Schmoozin’ (or not)

skijumpOh, c’mon, it’ll be fun! And it was fun. But. It was a usability association event and my boss wanted to go and all of us on the team are association members but most of us turn into pumpkins not too long after the work day ends, so dragging us out at night is not easy. I shouldn’t really speak for the others on my team but we’re known as the geriatric group so you can just figger. A couple of us replied that we would be up for it as a group, i.e., none of this solo stuff. When you attend something like that alone, you have to schmooze and we all are not particularly crazy about schmoozing. I’m not sure it bothers the boss but he is a rather singular person (don’t ask).

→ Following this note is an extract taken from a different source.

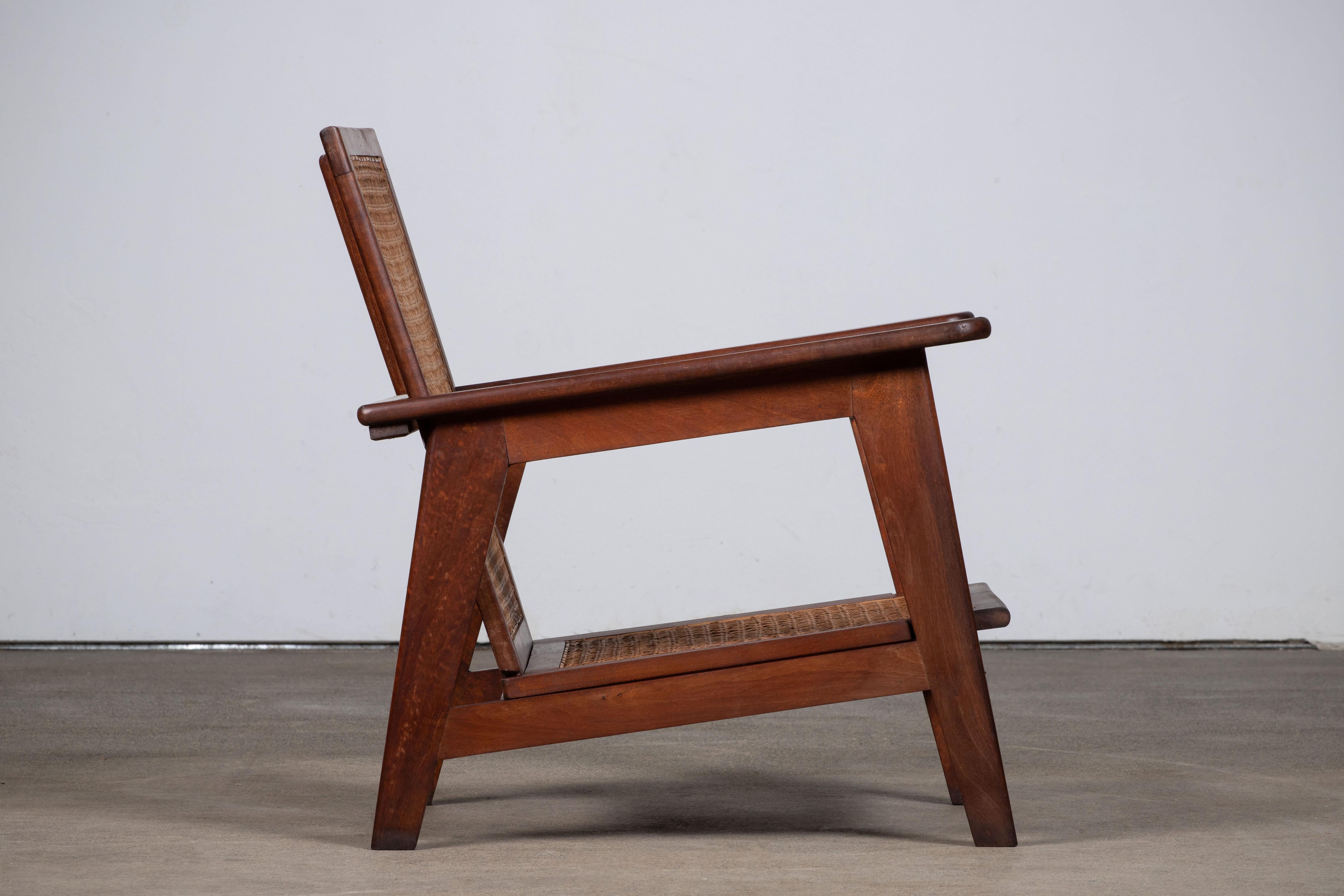 Milieu du XXe siècle Fauteuil français de reconstruction, 1940, dans le style de Pierre Jeanneret en vente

But yaknow, we are all computer-type people. We sit in nice clean, quiet cubicles and read and write code and very very specific specifications for how web pages, et al, should will work. I mean, we can blather on about what we’re doing at great length. The problem is, who the heck would want to hear about it? And the *rest* of my life — including my employment history — is just so weird, I never know where the heck to start!

So each one of us, all on our own, managed to arrive “fashionably” late. You know. To minimize the schmoozing time before the presentation. And wouldn’t you know? Of all people, *I*, yer own favo-rite blahgger, ended up schmoozing a bit. With a very talented young woman that I once did a school project with and a couple other people. And I managed to avoid another er, not-so-talented young woman that I managed to avoid doing school projects with.

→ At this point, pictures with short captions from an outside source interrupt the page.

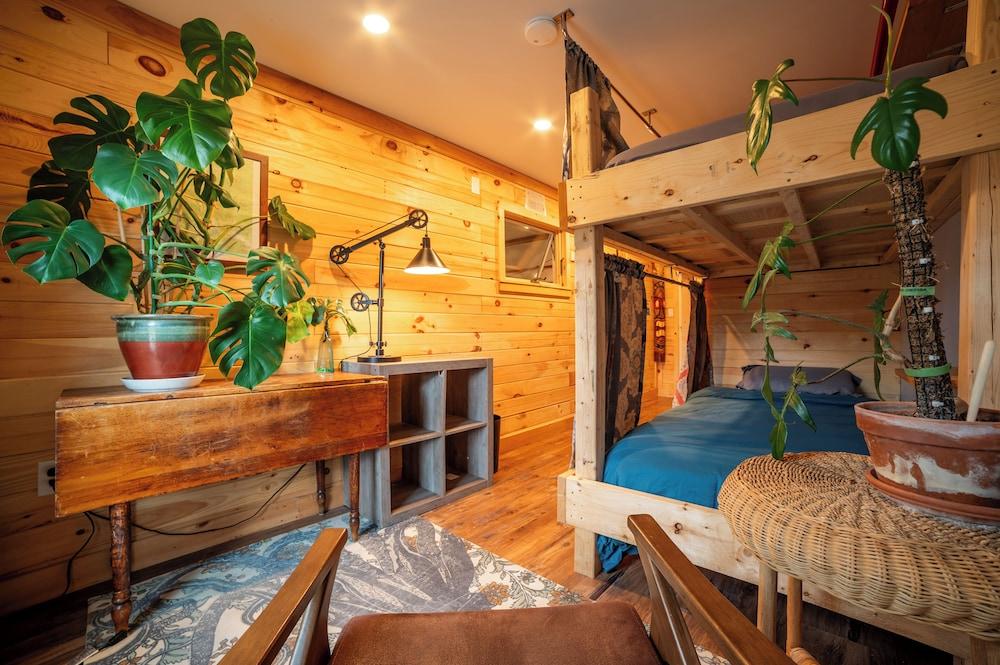 Barn Door Hostel photo 6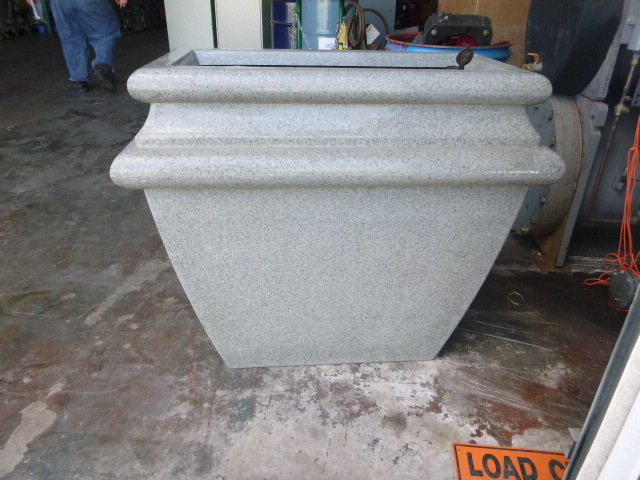 lot 44 image: Flower Pot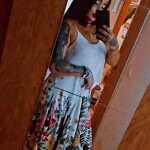 Lara - Dinámica divertida mezclando el glamour de las Pin up y elegancia. Para vivir momentos únicos
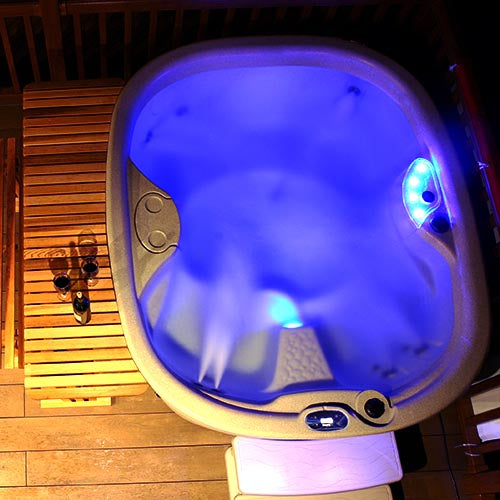 InnovaSpa Urbania Hot Tub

I will have to figger out some schmoozing strategies. Maybe it’s just that we’re *all* standing around looking awkward. It’s easiest for me to talk to strangers when I am *doing* something. Besides looking awkwardly around and twiddling my thumbs, that is. If I can do something constructive with my camera and/or laptop and/or iPhone or whatever, I have a role and I can either watch silently from my geeky little perch or engage anyone with questions about me without me having to be the center of focus. Er, not that most of the people at tonight’s event don’t have similar types of technology available to them… Or difficulties with schmoozing… Or… Hmm, maybe we need to redesign these events to make them more, well, you know, usable. Organize things so that people interact without having to work at it. How… I’m thinking and I am not thinking about those darn ice-breaker games. Those don’t work for those of us who just want to be *home* in the evening. At least not for me.

Do y’all like to schmooze? Or not? If you do, what are your strategies? If you don’t, well, how do you manage these events? Or are you a natural?

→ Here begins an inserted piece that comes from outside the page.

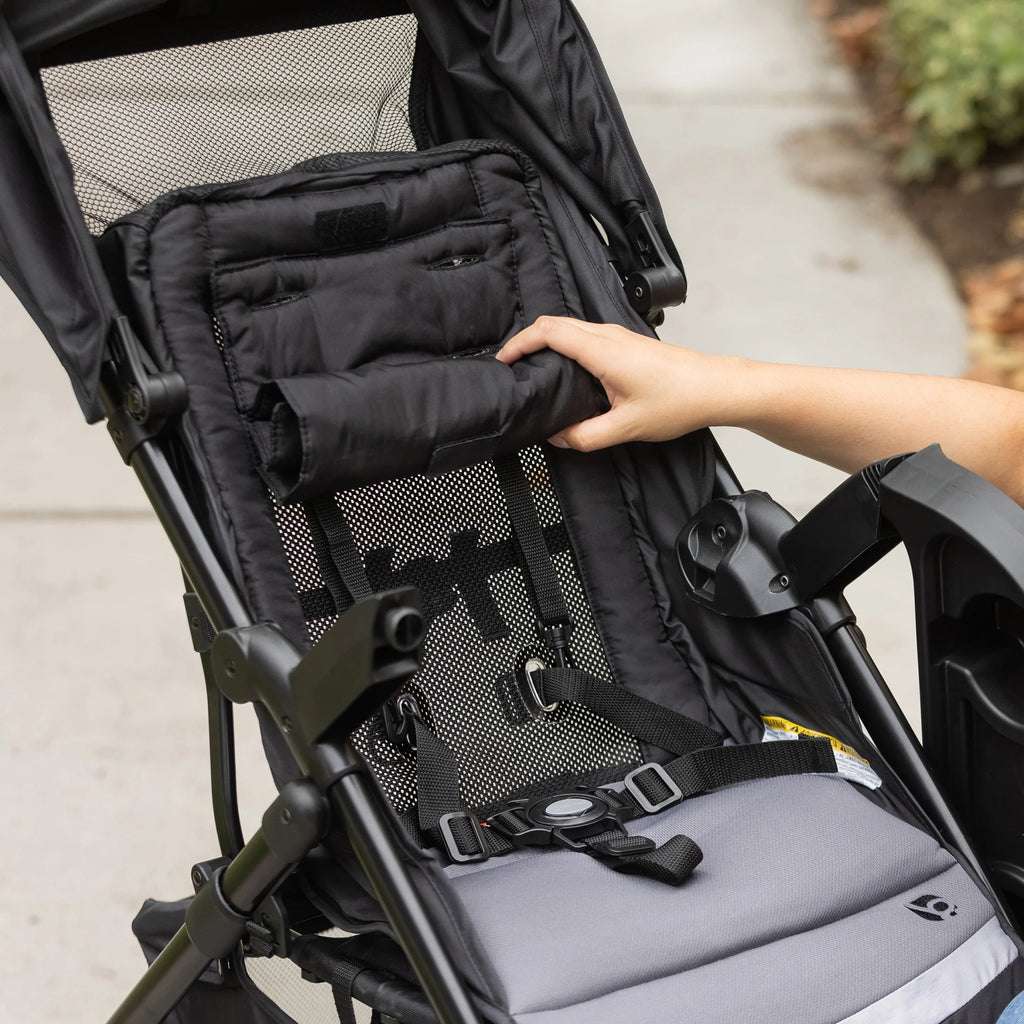 Passport Seasons Travel System (With Ez-Lift™ Infant Car Seat)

3 Responses to “Schmoozin’ (or not)”

  1. Margaret Says:

    I don’t necessarily like to schmooze; situations with people just standing around awkwardly make me uncomfortable. HOWEVER, everyone tells me that I’m very good at it; 29 years of teaching make me conversational, I guess. I try to get people talking about themselves, whatever they’re interested in. I hunt for common ground and put in my two cents worth when appropriate. I make little quips or sarcastic comments and laugh at myself. It seems to work pretty well, mostly. But it is hard work at times–I feel very anti-social after work after a day of dealing with constant people. I’m OK when I’m on stage in the classroom, but I don’t do many social events in the evenings. (too weary)

  2. Jay Says:

    I am not really good at small talk, and find that I lean on my significant other, who is, or end up talking to one person for a long time (and then feel that they probably want to escape).

  3. Dog Mom Says:

    Hm. I find that I can do pretty well at “phone-schmoozing”, but that’s always for limited periods of time and generally consists of inanities. Lately, there’ve been questions about how business has been going (!), which means finding diplomatic ways of stating “we’ve been quoting out the wazoo, but no one’s ordering anything”. Especially with GM with one foot on the proverbial banana peel and the other in the grave – that means that their Weld Tool Center just up the street – our biggest customer – which just laid off approx 1/3 of its workforce may not be our biggest customer for too much longer. Which then adds more strain to the garden-variety phone-schmoozing…

    Like Margaret, I try to find something in what my customer says that i can glom onto and let THEM do the talking. Sometimes, just making the other person feel like The Most Important Person in the Room while s/he is in your presence is enough to get THEM on a roll so all you have to do is play the “supporting role”. I guess that’s how I’ve managed to get a few customers to *ask* for ME (of all people) when they call! And it’s been totally unintentional!!! (Am I complaining? Absolutely NOT! 8) ).